Enfin, l’élève pourra rechercher le sens, comprendre et se comprendre. Il est alors indispensable de rappeler que toutes les disciplines sont importantes et liées, qu’elles répondent toutes à la question « qui sommes nous, que faisons-nous sur Terre ? », chacune à sa manière, avec ses propres exigences et sa propre méthodologie. Chaque enseignant pourra relier le cours qu’il dispense à une situation – réelle ou fictive – où l’élève en aura besoin pour résoudre un problème. Lorsque les liens sont démontrés, lorsque la finalité et la causalité sont affirmées, l’engagement de l’élève dans la tâche à accomplir se mobilise et s’entretient plus facilement.

Malheureusement les médias, les décideurs politiques et économiques comme l’opinion publique sont prisonniers de conceptions erronées sur l’apprentissage, attendent des objectifs à court terme et hiérarchisent les disciplines en fonction de leur supposée utilité sociale et économique. Au contraire, l’utilitarisme handicape la motivation intrinsèque quand de l’autre côté le professionnel de l’éducation sait que toutes les disciplines sont liées, elles se renforcent l’une l’autre. Par exemple, les arts plastiques permettent de développer les zones du cerveau qui gèrent l’espace, augmentent l’évocation visuelle (voir les cours sur la Gestion Mentale du présent site), ce qui à terme, impacte par exemple les performances en géométrie, géographie physique et la production d’énoncés descriptifs. Rien n’a d’utilité et d’intérêt en soi, il s’agit d’une interprétation personnelle liée à l’état de ses connaissances et l’appréciation du moment, aussi faut-il s’ouvrir à toutes les possibilités, entrevoir des connexions inédites ou singulières.

 

 

3. Les états émotionnels

 

On ne peut aborder les problématiques de la motivation sans parler des états émotionnels. En franchissant le seuil de l’école, l’élève est toujours lui-même, jamais un autre, aussi vient-il avec son bagage émotionnel qui le stimule ou l’handicape dans les études et ses relations à autrui.

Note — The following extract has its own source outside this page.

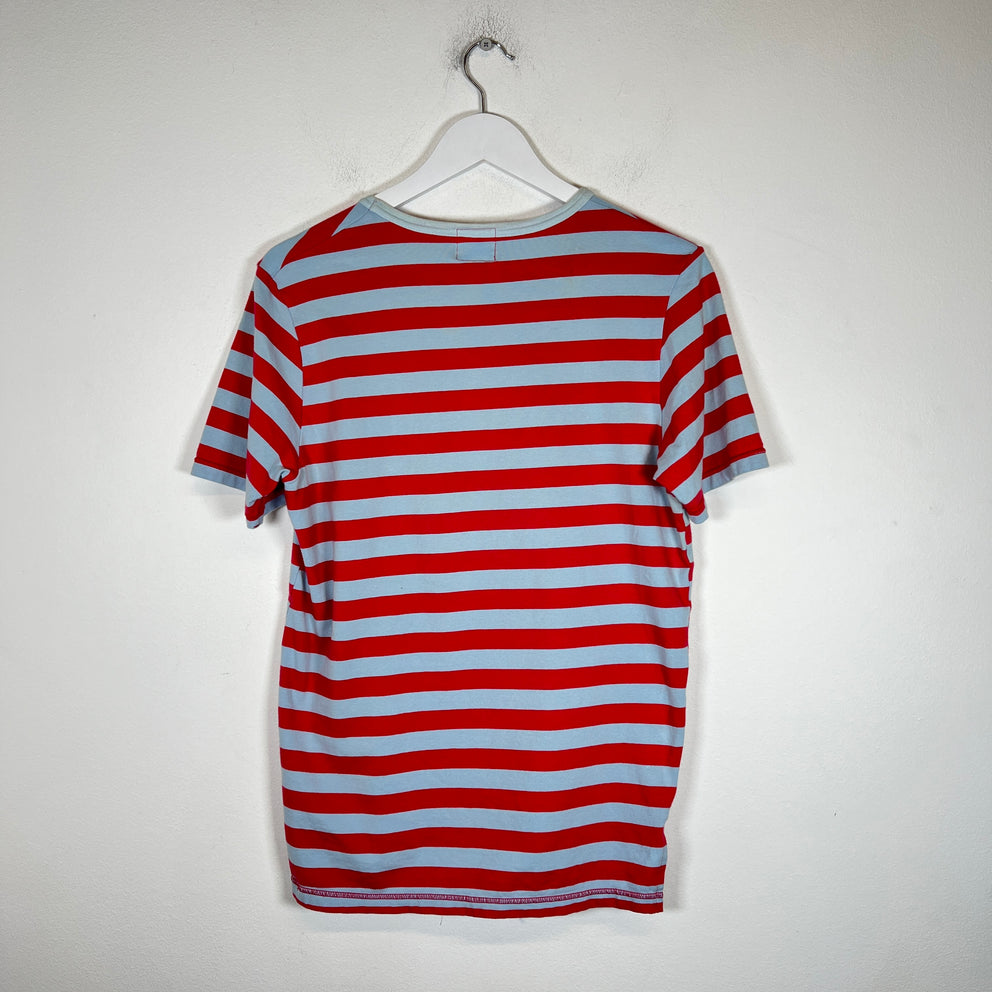 Vivienne Westwood Red/Grey 'Too Fast To Live' T-Shirt Size L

Selon Antonio Damasio, le célèbre chercheur en neurosciences, spécialiste des émotions et auteur de « l’Erreur de Descartes », les états émotionnels se modifient. On passe d’un état à l’autre selon un cycle variable et résolument individuel. Mais cette transition ne se fait pas brutalement, aussi ne peut-on ordinairement passer de la tristesse à l’allégresse. Il existe au sein de l’un comme l’autre différentes strates que l’on franchit progressivement.

D’autre part, nous sommes sujets à des états émotionnels prééminents qui modèlent notre personnalité. Ainsi peut-on distinguer des personnes ordinairement optimistes, d’autres au naturel plutôt pessimiste. Les travaux de Carl Gustav Jung et de l’école de Palo Alto sont à cet égard particulièrement intéressants. Nous en parlerons davantage dans de futurs chapitres consacrés à l’état émotionnel, au profilage, à la personnalité et aux émotions.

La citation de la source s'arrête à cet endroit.